Repeat the data word for word. Do not include the pictures.

DATASET EXCERPT –
======

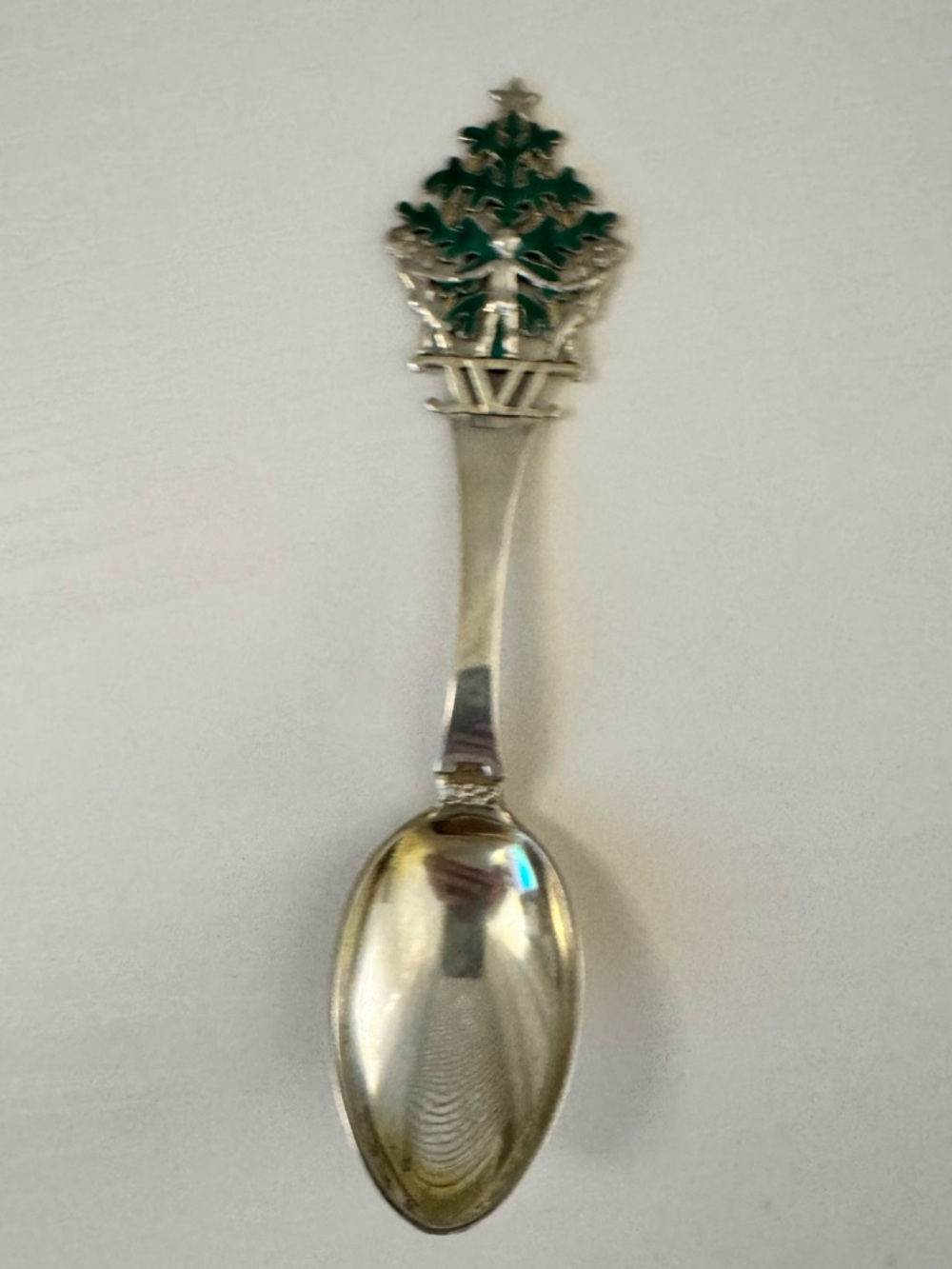 Silver-Plated Green Christmas Tree Decorative Spoon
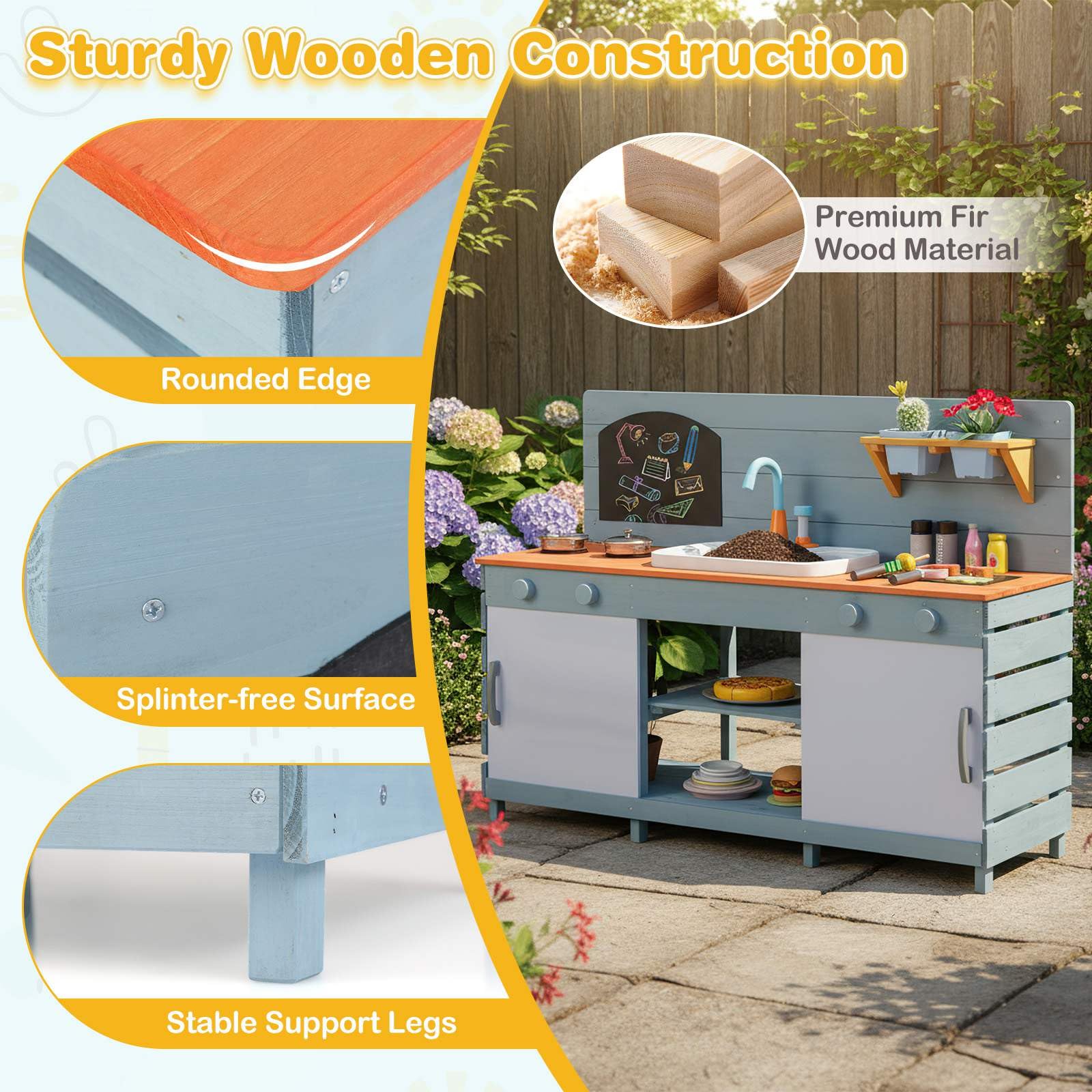 Outdoor Kids Play Kitchen, Wooden Kitchen Playset w/Sliding Doors - Image 8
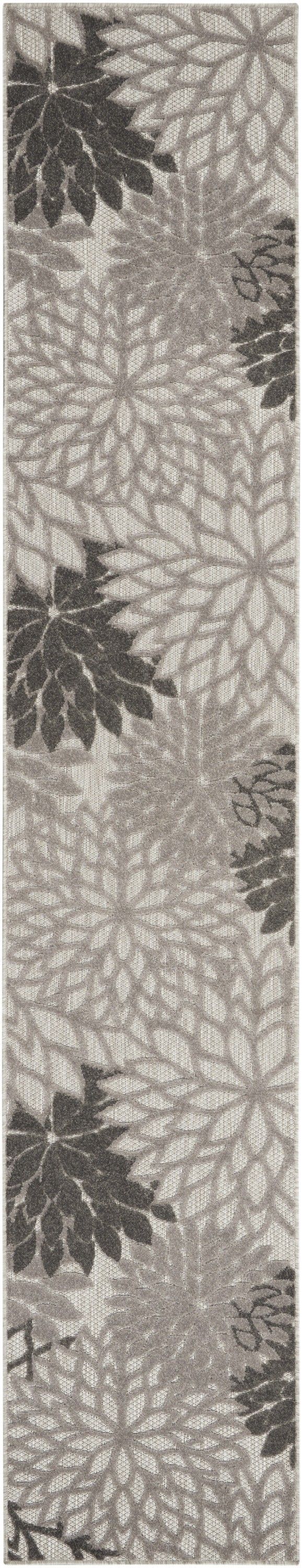 2' X 10' Floral Outdoor / Indoor Area Rug - Gray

======

FINISHED TASK –
 Silver-Plated Green Christmas Tree Decorative Spoon
 Outdoor Kids Play Kitchen, Wooden Kitchen Playset w/Sliding Doors - Image 8
 2' X 10' Floral Outdoor / Indoor Area Rug - Gray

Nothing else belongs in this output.